Emsal Mahkeme Kararı Antalya 4. Asliye Ticaret Mahkemesi 2021/500 E. 2022/315 K. 20.04.2022 T.

Görüntülediğiniz mahkeme kararı henüz kesinleşmemiştir. Yararlı olması amacıyla eklenmiştir.

T.C.
ANTALYA
4. ASLİYE TİCARET MAHKEMESİ

ESAS NO : 2021/500
KARAR NO : 2022/315
DAVA : İpotek (İpoteğin Kaldırılması (Fekki))
DAVA TARİHİ : 20/09/2021
KARAR TARİHİ: 20/04/2022

Mahkememizde görülmekte olan İpotek (İpoteğin Kaldırılması (Fekki)) davasının yapılan açık yargılaması sonunda,
GEREĞİ DÜŞÜNÜLDÜ:
Davacı vekili, dava dilekçesinde özetle; Müvekkilinin, dava dışı …Zeytincilik Yemekçilik Gıda İç. Tekel Ür. Tem. Mad. Teks. Paz. San. ve Tic.
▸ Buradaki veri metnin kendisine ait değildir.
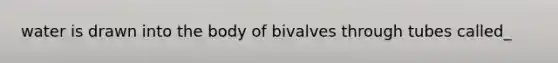 water is drawn into the body of bivalves through tubes called_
Ltd. Şti.’nin davalı banka ile ticari kredi sözleşmesi ilişkisinden kaynaklı borcuna ayni teminat teşkil etmek üzere, mülkiyeti altındaki taşınmaz üzerinde (Antalya İli, Muratpaşa İlçesi, …Mahallesi, Cilt …, Sayfa …, …Ada, … Parsel, … Nolu Bağımsız Bölüm ), davalı banka lehine 380.000,00 TL bedelli limit (üst sınır) ipoteği tesis ettiğini, müvekkilinin, borçlu şirket lehinde şahsi bir kefaleti bulunmadığını, şirketin temerrüde düşmesi sebebiyle davalının, Antalya 4. İcra Müdürlüğünün …Esas sayılı dosyası üzerinden ipoteğin paraya çevrilmesi yolu ile ilamlı takip başlattığını, kesinleşen takip dosyasında kefalete konu taşınmazın icraen ihale edildiğini ve davalı banka tarafından alacağa mahsuben alınmış ise de, iş bu ihalenin, yasal şartları taşımadığından Yargıtay 12. Hukuk Dairesinin … E. – … K. Sayılı kararı ile iptal edildiğini, buna dair davanın, Antalya 8. İcra Hukuk Mahkemesinin … E. Sırasında derdest olduğunu, ipoteğin paraya çevrilmesi sürecinin bu şekilde derdest devam ederken, limit ipotek tutarı (her türlü vergi, harç, vekalet ücreti, masraf vs dahil müvekkilimin kanunen sorumlu tutulabileceği en üst parasal tutar) olan 380.000TL’nin tamamının, müvekkil adına ve hesabına Antalya 4. İcra Müdürlüğünün …sayılı takip dosyasına 04.06.2021 günü defa’ten ve nakden ödediklerini, TMK m.884’ün; “Borçtan şahsen sorumlu olmayan rehinli taşınmaz maliki, borçluya ait koşullar içinde borcu ödeyerek taşınmazın üzerindeki ipoteğin kaldırılmasını isteyebilir. ” hükmünü amir olduğunu, limit ipotek tutarının tamamını ödemiş olmaları sebebiyle, davalının ve takip dosyasındaki vekiline, Antalya 22.Noterliğinin, ekte sunmuş oldukları … yevmiye no’lu ve 28.06.2021 tarihli ihtarnamesini keşide ederek, hukuki bir dayanağı kalmayan ipoteğin terkinini talep ettiklerini, ihtarın tebliğine rağmen tapudaki ipotek şerhinin kaldırılmaması üzerine, zorunlu arabuluculuk sürecini başlattıklarını, Arabuluculuk sürecinin de olumsuz (anlaşamama tutanağı ektedir) sonuçlanması üzerine eldeki davanın açılması zorunlu olduğunu beyan ederek; davanın kabulüne karar verilmesini talep etmiştir.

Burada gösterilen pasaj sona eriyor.